Creating an Endurance Training Progression for a Dog
Dogs are natural endurance athletes. Their bodies contain significant proportions of slow twitch muscle fibers and thus, they are able to engage in long duration physical activities. However, like with humans, dogs need to gradually build up their endurance training so that they can safely and effectively build endurance capability over time.
The most basic methods to progress a dog’s endurance training program is to gradually increase either the duration (or distance), or the intensity of the endurance exercises.
Add duration and distance gradually. Because dogs appear to have boundless energy and are willing to do whatever you ask, it is tempting to assume that they can handle large amounts of exercise without proper training. However, dogs need to build up their endurance over time just like humans.
Begin a dog’s training by starting out with 5-10 minutes of low intensity exercise a day and add no more than 20% more total exercise time each week. For example, if for the first week a dog is exercised for 10 minutes a day, 3 times per week, then the second week would allow for an extra 5-6 minutes of exercise, or 12 minutes per day, three times for the week. Continue to add duration each week until you reach an appropriate amount of endurance training.

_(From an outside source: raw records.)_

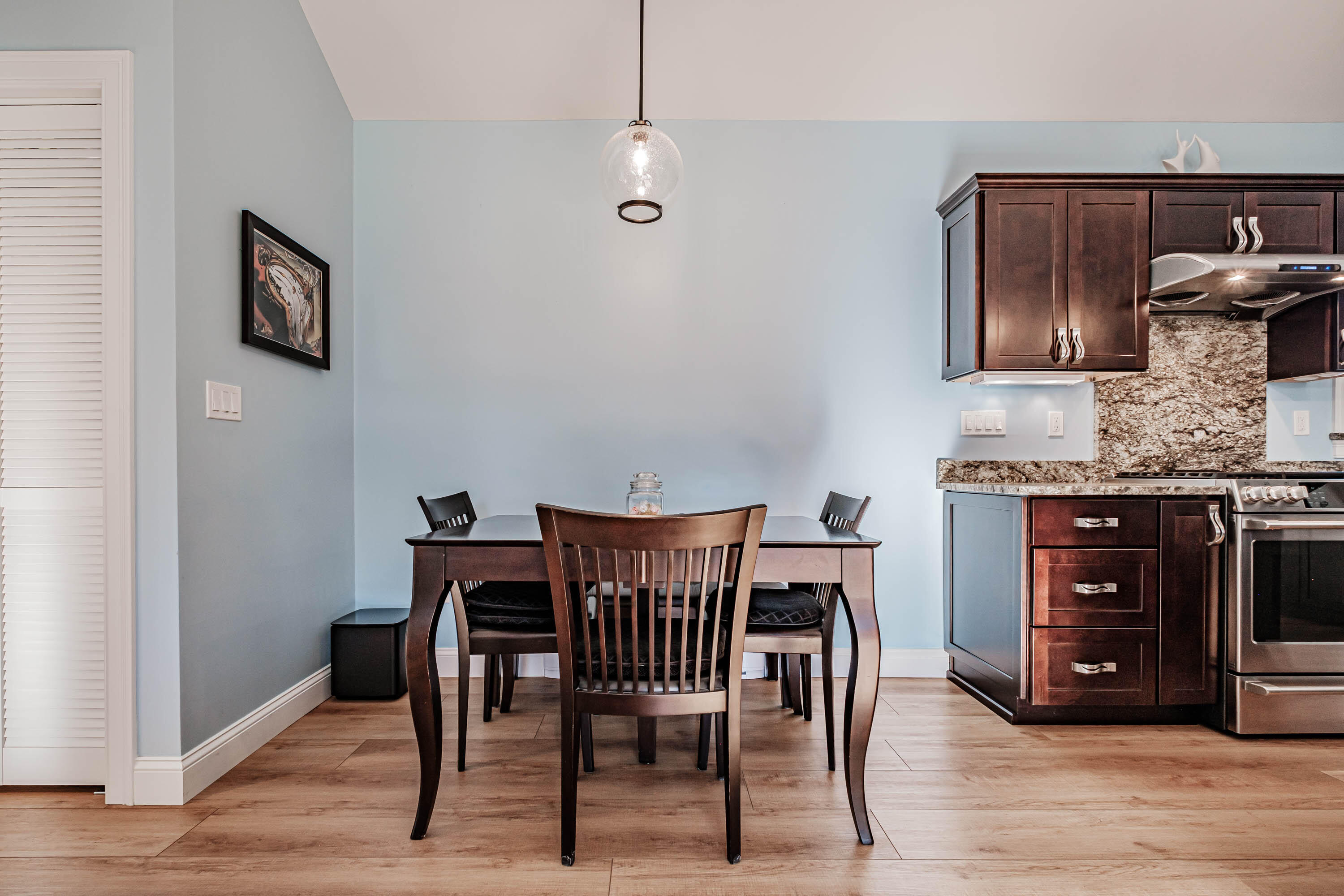 4 Journeys Path Bridgton, ME 04009 - Photo 24 of 95 20231121gp-60026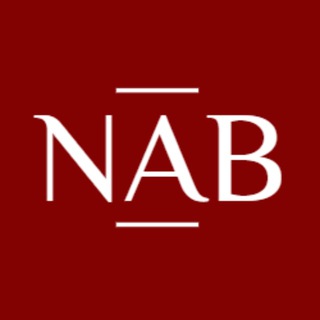 New Armenia Blog 🇦🇲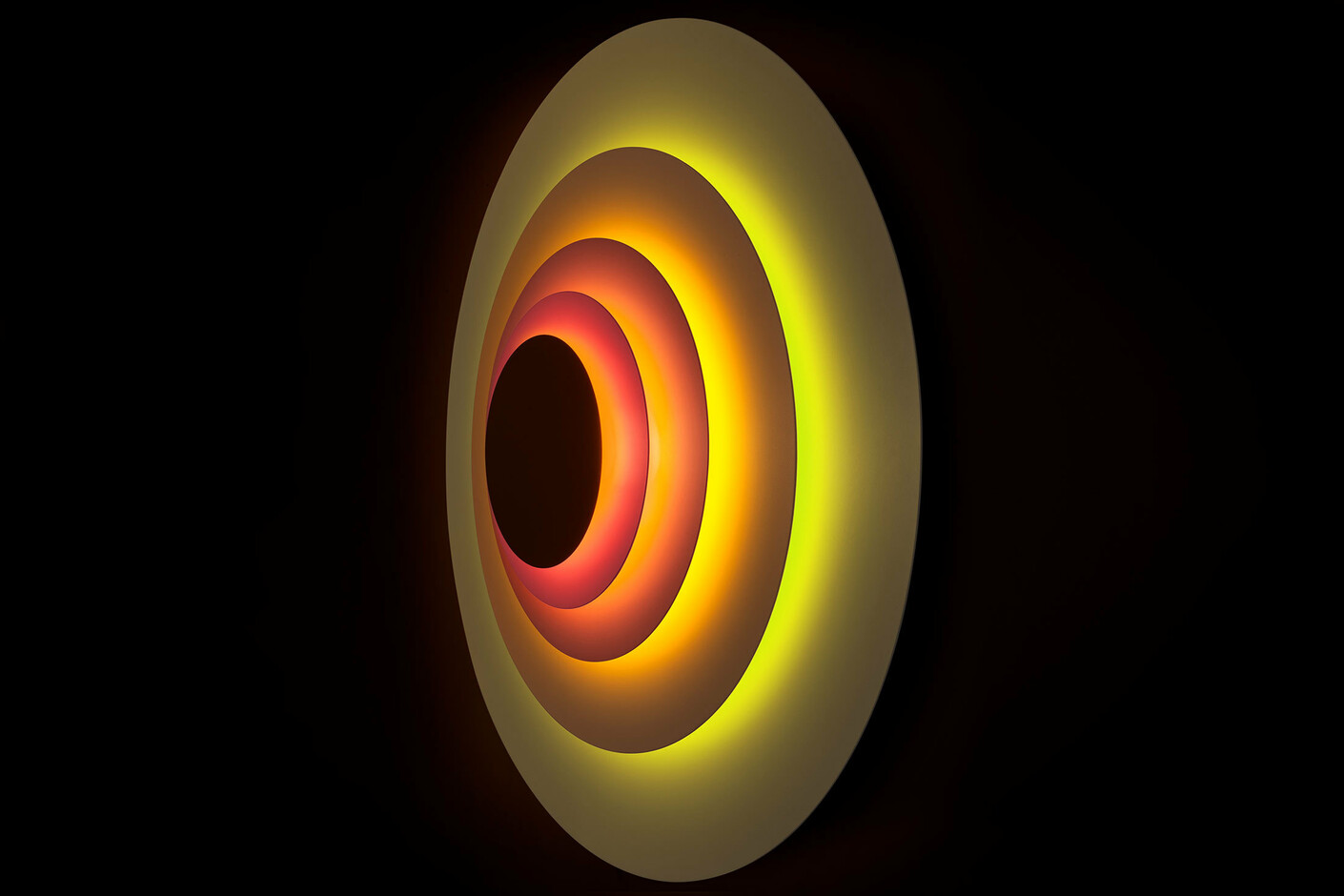 Concentric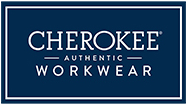 Лого бренда Cherokee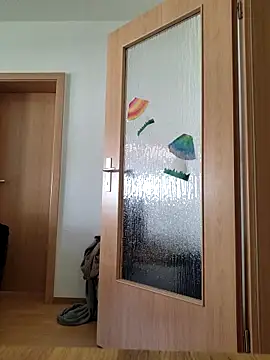 Isa363636 online show from 04/05/26, 09:27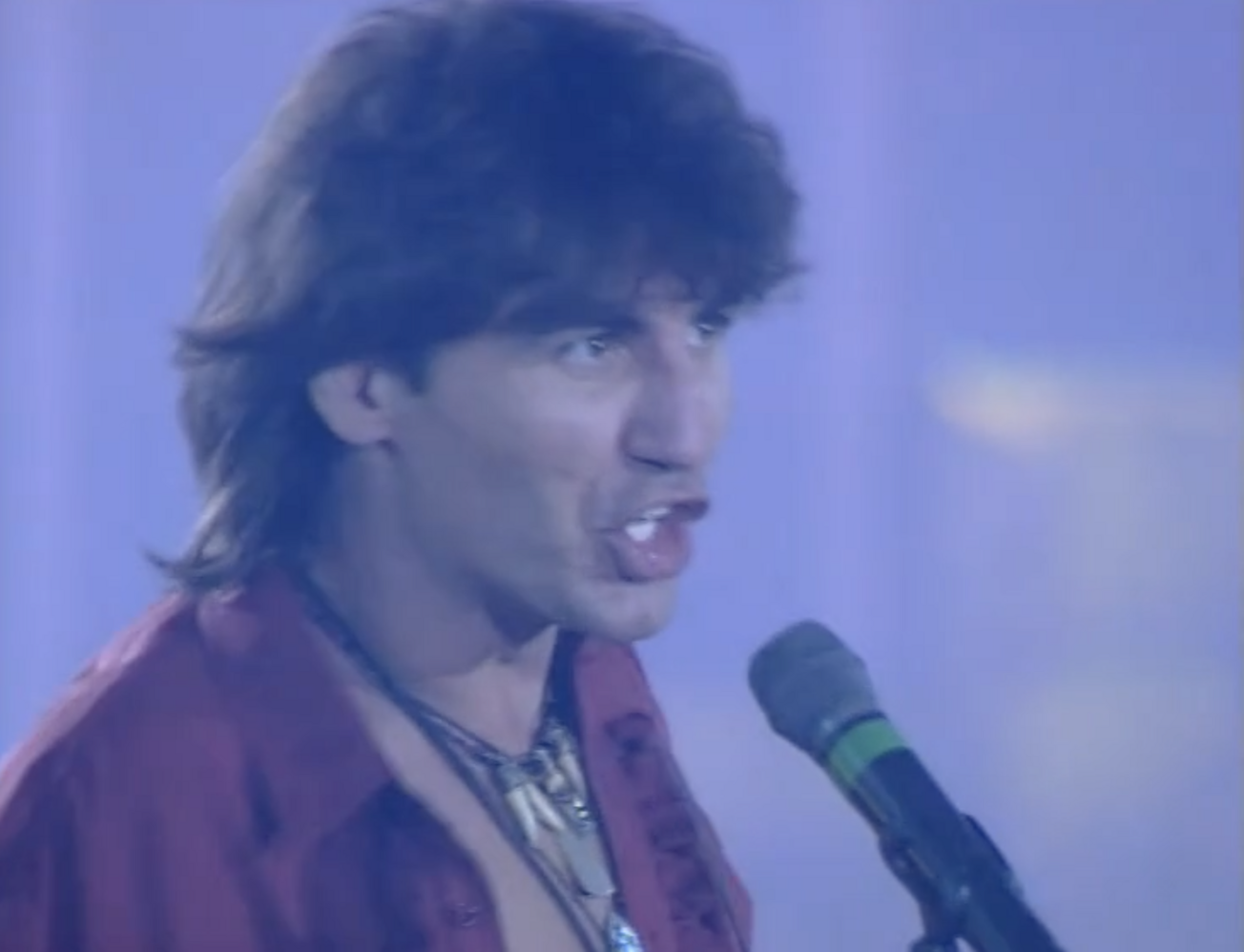 Auguri a Luciano Ligabue, riascoltiamo a 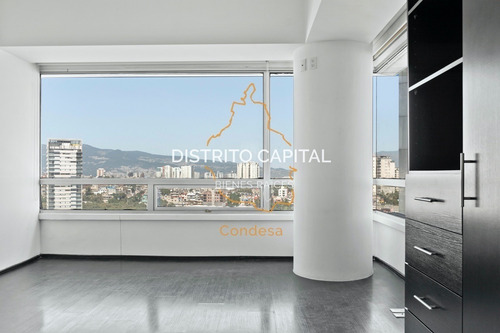 Imagen 7 de 28 de Departamento En Venta En Sens, Lomas De Vista Hermosa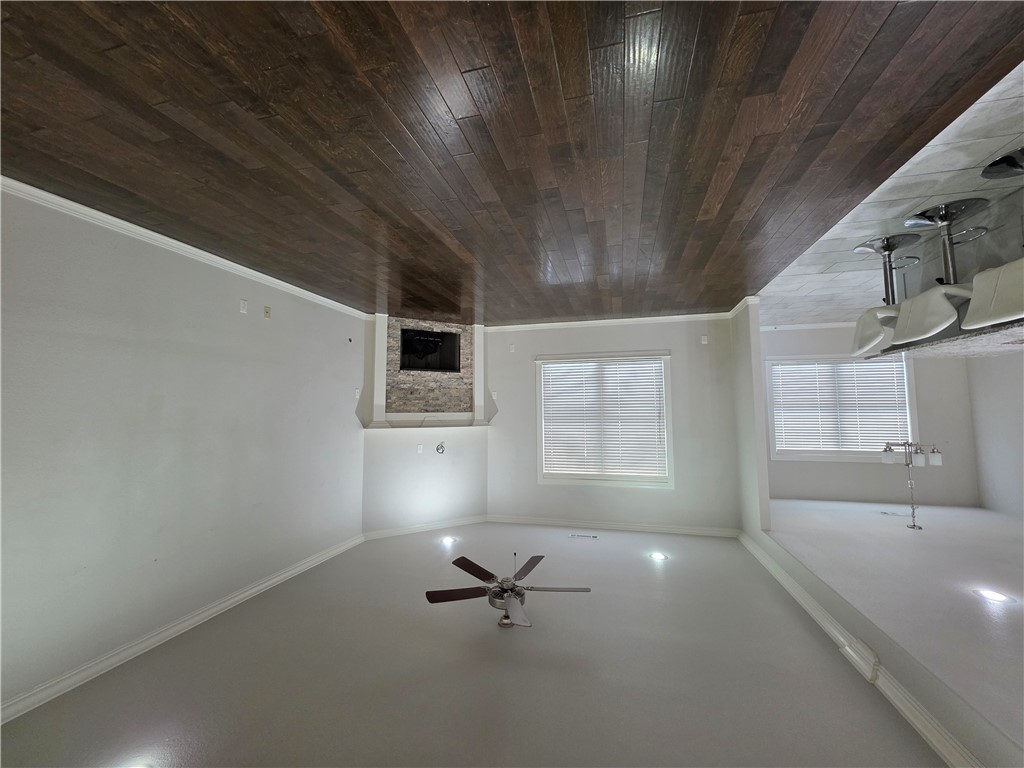 Bliss Meadows Centerton - Residential Lease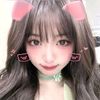 jiwooslays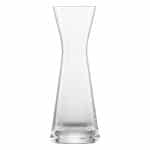 BELFESTA CARAFE PURE 0,25CL ZWIESEL GERMANY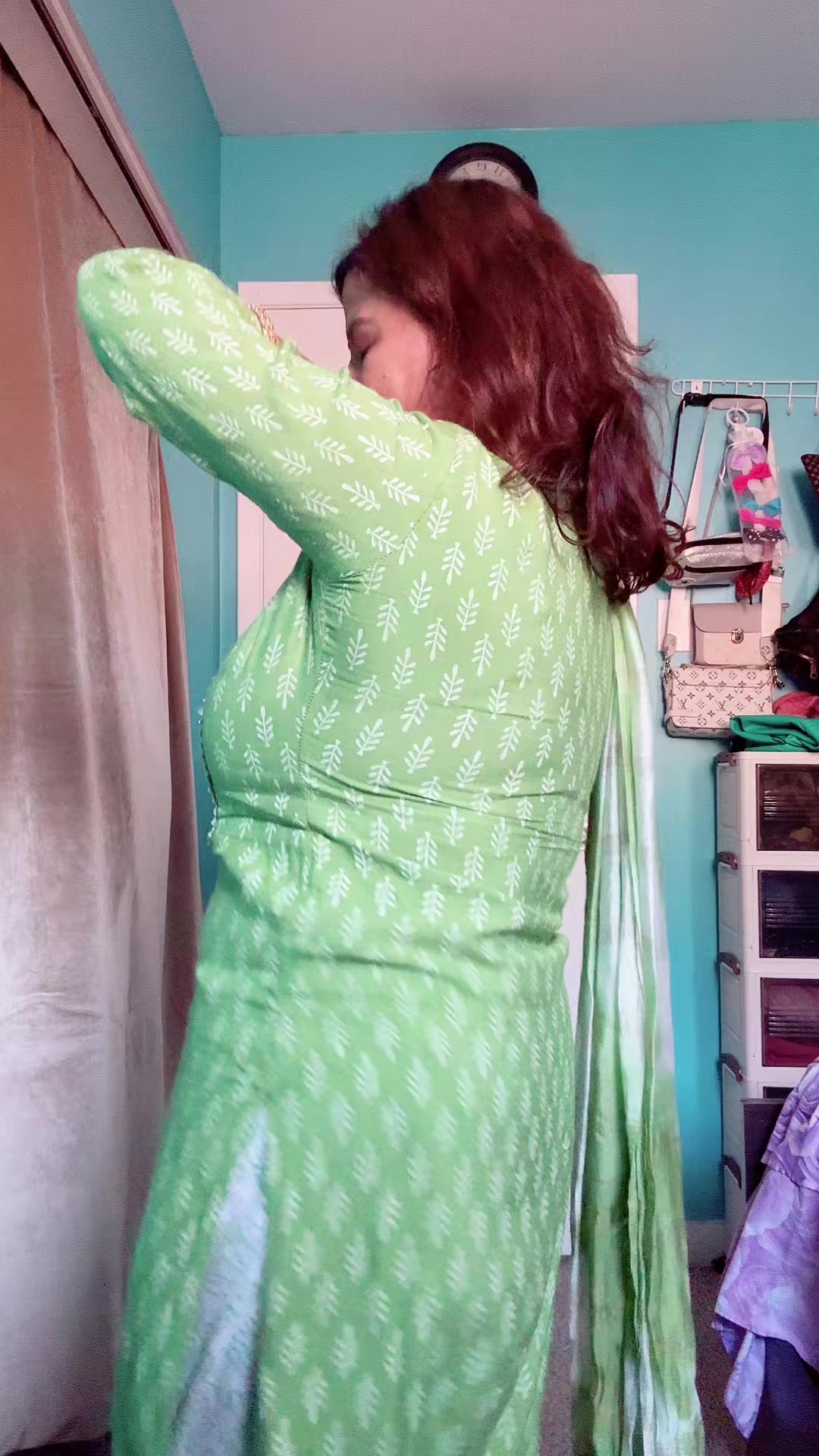 @Gita Mainali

For those that measure distance instead of duration, stick with the 20% rule. Add no more than 20% additional total weekly distance each week during the endurance build up.
Here’s an older video of Jack & Maggie running with me. Maggie, you can see keeps her own pace. We built up slowly to the point where she was able to run with us.
Add intensity gradually. Like with duration or distance, increases in intensity should also be introduced gradually. Some examples of how to increase endurance intensity include moving faster (i.e. running more and walking less) or by adding resistance via a weighted vest.
For beginners, one way to add intensity is to introduce run/walk intervals into the walk. Start with 2/3 walk and 1/3 run intervals. This means, for example, that you walk your dog for 40 seconds and run for 20 seconds, and then repeat for the duration of the exercise session. Each week, add 10 seconds to the running interval and subtract 10 seconds from the walking interval. In a few weeks, the dog will be able to handle the entire distance at a run. Hopefully, you will as well.